### Requirement
Exactly retype the lines below from the one containing "Hauptbild für Out" through the end of the listing. Leave pictures out.

═════ The data

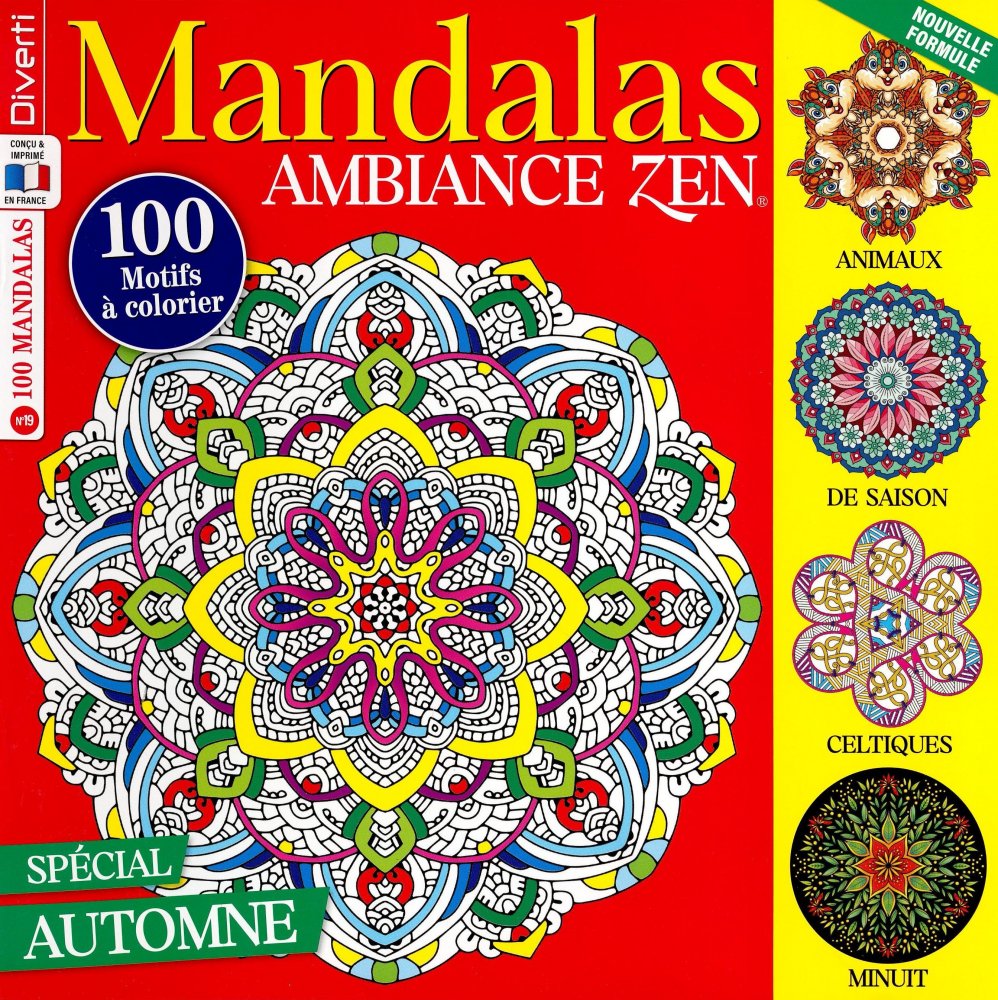 Numéro 19 magazine Diverti Mandalas Ambiance Zen
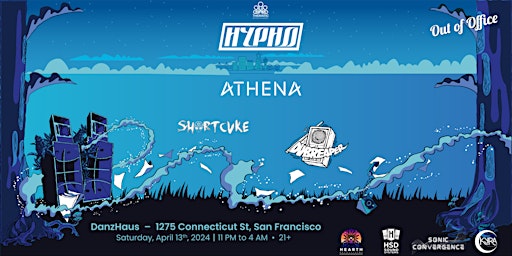 Hauptbild für Out of Office #15:  Hypho, Athena, DubReaper, Shortcvke + Special Guests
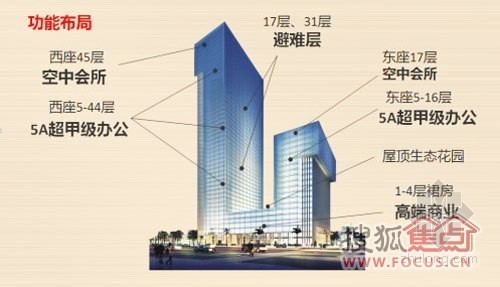 cbd大厦设计资料下载-199米海南大厦封顶 打造国际旅游岛CBD新地标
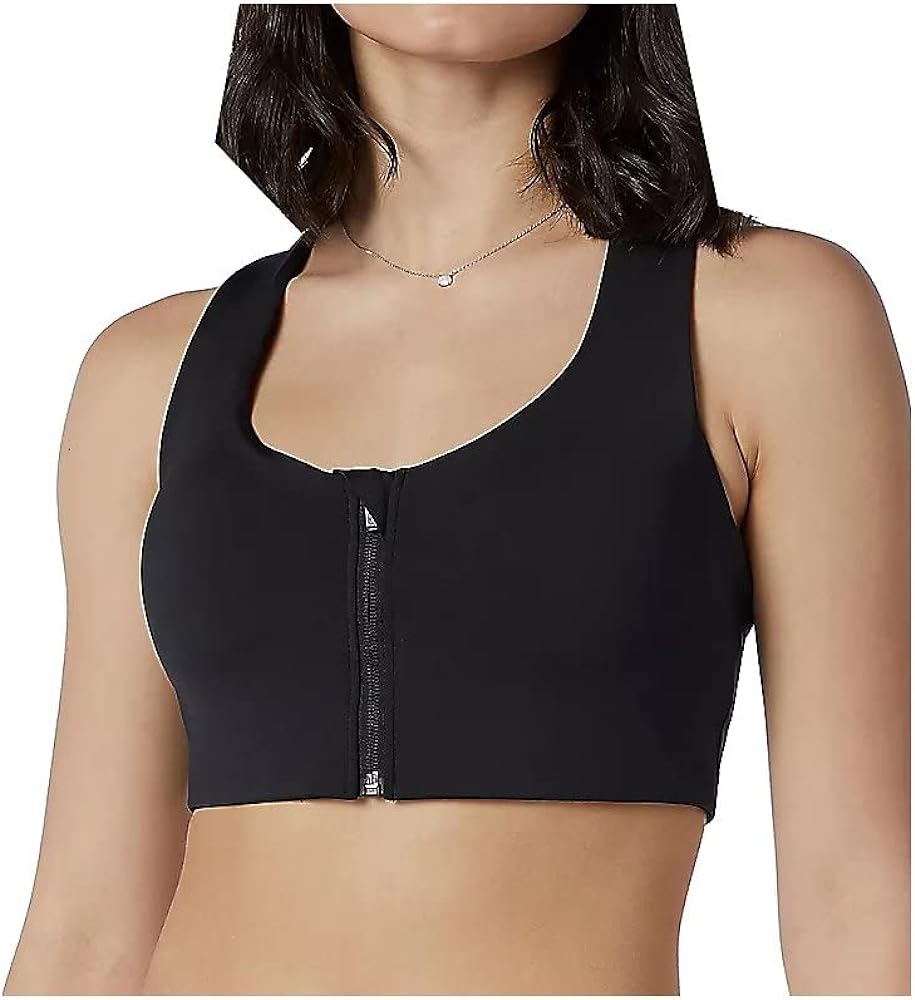 New Balance Women's Nb Power X Zip Front Bra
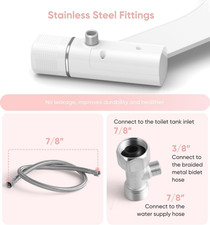 Ultra-Slim Bidet Attachment, Adjustable Fresh Cold Water Pressure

══════════

### Expected answer
 Hauptbild für Out of Office #15:  Hypho, Athena, DubReaper, Shortcvke + Special Guests
 cbd大厦设计资料下载-199米海南大厦封顶 打造国际旅游岛CBD新地标
 New Balance Women's Nb Power X Zip Front Bra
 Ultra-Slim Bidet Attachment, Adjustable Fresh Cold Water Pressure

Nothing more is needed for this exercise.